Mi sono affezionato a quel bambino. Passiamo molto tempo assieme e anche lui
ormai si è ambientato ed affezionato a me e alla mia ragazza.” Rispose lui
sinceramente.
“E
lei signor Banks vorrebbe avere l’affidamento del ragazzino oppure accetta di
dare l’affidamento al signor Echolls?”
L’uomo
attese un attimo prima di rispondere “All’inizio, quando mi hanno chiamato
per dirmi di quel bambino e della morte di mia figlia ho pensato subito di
lasciare l’affidamento a lui, ma pensandoci poi ho cambiato idea. Vorrei
l’affidamento del bambino!”
Il
notaio scrisse le due dichiarazioni dopo di ciò si rivolse a Logan “La sua
ragazza è quella signorina?”
Il
ragazzo annuì. “Lei stava con Lilly Kane, uccisa, si disse, da suo padre.”
“Sì…”
Ogni volta, fino alla fine dei suoi giorni, l’omicidio compiuto dal padre
l’avrebbe perseguitato. Non poteva fare niente; tutti sapevano di lui, tutti
conoscevano il suo passato. Logan non ne parlava mai, ma chissà se ne soffriva
ancora.
Il
notaio volse lo sguardo verso l’altro uomo nell’ufficio “Sua figlia è
scappata di casa?”
Banks
guardò a terra “Sì.”
“Se
devo essere sincero io non darei a nessuno di voi due l’affidamento di
Brian.” Si fermò per un paio di secondi “Però… Brian ha vissuto, in
questo periodo, con il signor Echolls e la signorina…?”
“Mars.”
Gli rispose la ragazza.
“…e
la signorina Mars per questo sarebbe più consono affidare il bambino a lui. Ad
ogni modo per ora non mi voglio mettermi in mezzo.”
“Brian
è l’unico ricordo di mia figlia, che ho perso tanto tempo fa. Sarei un buon
padre e nonno per lui.” Spiegò il signor Banks.
Logan
guardò di sottocchio Veronica “Se fosse per me io farei decidere Brian…”
disse il ragazzo “Io ci tengo davvero a lui.
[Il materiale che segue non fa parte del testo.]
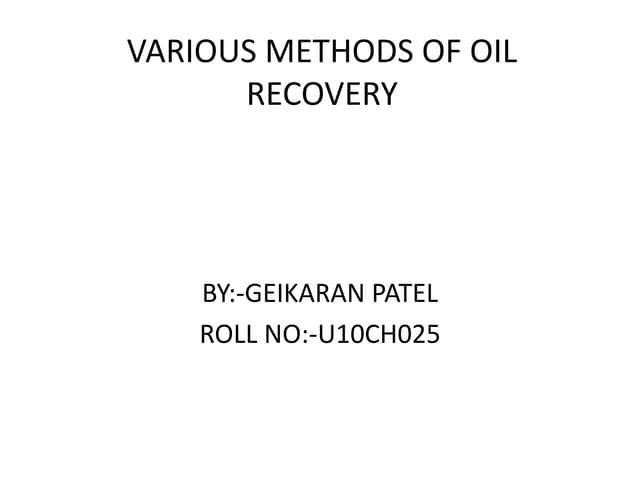 OIL RECOVERY TECHNIQUES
Lo crescerei come se fosse mio
figlio cosa che già sto facendo, ed ho anche un buon patrimonio; quindi
crescerebbe anche con tutti i comfort che devono avere i bambini. La prego
signor Banks.” Lo guardò negli occhi, aveva uno sguardo carico di speranza,
quel bambino era entrato nella sua vita portando una ragione di vita. Lui gli
faceva dimenticare ogni perplessità, ogni dolore. Gli faceva dimenticare del
padre, di Lilly, di tutto quello che aveva passato.
“Lei
cosa farebbe se fosse in me notaio?” domandò
Christian
Ayed lo guardò negli occhi “Non prendo decisioni al suo posto. Deve decidere
da solo.”
“Ha
ragione… devo decidere da solo.”
Nell’ufficio
regnò il silenzio per alcuni minuti, nessuno aveva il coraggio di parlare.
Nemmeno Logan. Veronica gli strinse la mano ed appoggiò la sua testa nella sua
spalla sinistra.
“Ok…
ho deciso!” I ragazzi concentrarono tutta la loro attenzione su quell’uomo
che stava per parlare.
“Parli
pure…” disse il notaio prendendo in mano la sua penna.